Web page caption snippets
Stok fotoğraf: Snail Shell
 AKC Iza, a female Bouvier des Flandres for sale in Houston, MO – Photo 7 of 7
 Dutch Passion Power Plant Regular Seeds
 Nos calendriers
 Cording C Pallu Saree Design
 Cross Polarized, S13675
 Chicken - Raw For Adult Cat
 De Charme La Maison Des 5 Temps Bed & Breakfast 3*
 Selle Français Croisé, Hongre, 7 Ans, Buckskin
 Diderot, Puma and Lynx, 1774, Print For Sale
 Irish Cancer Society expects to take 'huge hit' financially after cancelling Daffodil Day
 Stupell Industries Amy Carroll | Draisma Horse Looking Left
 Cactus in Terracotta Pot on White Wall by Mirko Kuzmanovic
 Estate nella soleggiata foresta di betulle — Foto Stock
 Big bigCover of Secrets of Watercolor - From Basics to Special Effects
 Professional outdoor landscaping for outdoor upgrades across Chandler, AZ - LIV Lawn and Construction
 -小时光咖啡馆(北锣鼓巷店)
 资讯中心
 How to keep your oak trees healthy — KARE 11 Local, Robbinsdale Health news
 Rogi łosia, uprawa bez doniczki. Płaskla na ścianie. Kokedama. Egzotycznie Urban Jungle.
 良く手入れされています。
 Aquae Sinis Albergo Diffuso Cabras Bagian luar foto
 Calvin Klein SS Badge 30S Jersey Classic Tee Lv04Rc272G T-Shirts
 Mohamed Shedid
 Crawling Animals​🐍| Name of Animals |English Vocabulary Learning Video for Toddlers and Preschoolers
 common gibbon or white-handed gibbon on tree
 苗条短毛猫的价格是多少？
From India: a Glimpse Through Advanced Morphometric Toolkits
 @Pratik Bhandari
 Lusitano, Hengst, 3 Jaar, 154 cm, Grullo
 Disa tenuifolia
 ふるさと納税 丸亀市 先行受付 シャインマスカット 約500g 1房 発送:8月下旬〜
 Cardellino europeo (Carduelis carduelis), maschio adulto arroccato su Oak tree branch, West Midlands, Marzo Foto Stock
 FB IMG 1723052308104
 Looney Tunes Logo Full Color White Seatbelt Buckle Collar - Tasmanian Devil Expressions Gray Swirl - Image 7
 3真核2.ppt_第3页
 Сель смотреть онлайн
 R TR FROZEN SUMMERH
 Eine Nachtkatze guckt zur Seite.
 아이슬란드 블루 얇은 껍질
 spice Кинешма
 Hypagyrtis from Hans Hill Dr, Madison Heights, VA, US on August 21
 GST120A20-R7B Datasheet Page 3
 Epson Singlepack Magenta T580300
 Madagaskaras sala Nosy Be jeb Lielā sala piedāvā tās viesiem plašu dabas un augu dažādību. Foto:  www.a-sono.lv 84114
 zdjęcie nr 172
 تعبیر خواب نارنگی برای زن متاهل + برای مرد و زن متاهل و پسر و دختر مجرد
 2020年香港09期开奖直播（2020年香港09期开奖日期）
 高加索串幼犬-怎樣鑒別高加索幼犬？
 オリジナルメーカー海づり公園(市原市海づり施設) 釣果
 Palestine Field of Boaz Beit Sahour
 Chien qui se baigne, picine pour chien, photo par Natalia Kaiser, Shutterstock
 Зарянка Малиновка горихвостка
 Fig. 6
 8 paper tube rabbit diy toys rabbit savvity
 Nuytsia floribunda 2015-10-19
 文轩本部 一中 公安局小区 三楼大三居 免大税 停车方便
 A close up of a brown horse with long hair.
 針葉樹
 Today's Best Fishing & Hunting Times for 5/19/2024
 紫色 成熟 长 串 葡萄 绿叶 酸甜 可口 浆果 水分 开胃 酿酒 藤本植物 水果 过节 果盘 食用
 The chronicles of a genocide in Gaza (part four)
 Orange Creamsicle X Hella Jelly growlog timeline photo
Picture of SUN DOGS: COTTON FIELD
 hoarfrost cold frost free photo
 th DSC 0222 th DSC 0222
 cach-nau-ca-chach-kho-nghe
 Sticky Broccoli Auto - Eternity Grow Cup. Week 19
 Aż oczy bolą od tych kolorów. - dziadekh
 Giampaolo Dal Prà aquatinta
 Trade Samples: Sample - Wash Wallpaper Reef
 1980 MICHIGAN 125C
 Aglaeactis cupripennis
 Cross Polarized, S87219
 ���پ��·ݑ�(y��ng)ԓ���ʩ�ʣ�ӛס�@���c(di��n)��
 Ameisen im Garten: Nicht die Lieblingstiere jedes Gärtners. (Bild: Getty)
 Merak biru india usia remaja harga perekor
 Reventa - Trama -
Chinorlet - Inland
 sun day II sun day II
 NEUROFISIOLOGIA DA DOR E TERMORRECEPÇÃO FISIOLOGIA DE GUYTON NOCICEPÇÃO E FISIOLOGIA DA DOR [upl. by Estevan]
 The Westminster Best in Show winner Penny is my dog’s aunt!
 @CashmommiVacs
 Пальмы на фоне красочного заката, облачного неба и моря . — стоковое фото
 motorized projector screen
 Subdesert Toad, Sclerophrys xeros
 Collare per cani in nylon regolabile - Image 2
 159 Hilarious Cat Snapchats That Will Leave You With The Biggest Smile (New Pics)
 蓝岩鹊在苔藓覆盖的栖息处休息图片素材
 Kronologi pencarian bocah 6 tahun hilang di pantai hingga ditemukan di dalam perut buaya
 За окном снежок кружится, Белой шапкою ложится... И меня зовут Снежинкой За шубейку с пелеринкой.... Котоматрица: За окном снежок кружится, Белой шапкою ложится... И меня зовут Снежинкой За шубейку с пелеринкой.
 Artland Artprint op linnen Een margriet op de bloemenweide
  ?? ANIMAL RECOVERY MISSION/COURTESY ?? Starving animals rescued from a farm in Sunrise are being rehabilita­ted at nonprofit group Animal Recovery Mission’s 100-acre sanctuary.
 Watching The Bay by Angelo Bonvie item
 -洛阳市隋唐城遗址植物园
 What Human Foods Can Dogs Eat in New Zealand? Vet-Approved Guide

▸ Required action: Among the records above, a stretch begins at the line containing "Picture of SUN DOGS: COTTON FIELD" and ends at the line containing "motorized projector screen". Restate that stretch word for word, and nothing else.

▸ Exercise response:
Picture of SUN DOGS: COTTON FIELD
 hoarfrost cold frost free photo
 th DSC 0222 th DSC 0222
 cach-nau-ca-chach-kho-nghe
 Sticky Broccoli Auto - Eternity Grow Cup. Week 19
 Aż oczy bolą od tych kolorów. - dziadekh
 Giampaolo Dal Prà aquatinta
 Trade Samples: Sample - Wash Wallpaper Reef
 1980 MICHIGAN 125C
 Aglaeactis cupripennis
 Cross Polarized, S87219
 ���پ��·ݑ�(y��ng)ԓ���ʩ�ʣ�ӛס�@���c(di��n)��
 Ameisen im Garten: Nicht die Lieblingstiere jedes Gärtners. (Bild: Getty)
 Merak biru india usia remaja harga perekor
 Reventa - Trama -
Chinorlet - Inland
 sun day II sun day II
 NEUROFISIOLOGIA DA DOR E TERMORRECEPÇÃO FISIOLOGIA DE GUYTON NOCICEPÇÃO E FISIOLOGIA DA DOR [upl. by Estevan]
 The Westminster Best in Show winner Penny is my dog’s aunt!
 @CashmommiVacs
 Пальмы на фоне красочного заката, облачного неба и моря . — стоковое фото
 motorized projector screen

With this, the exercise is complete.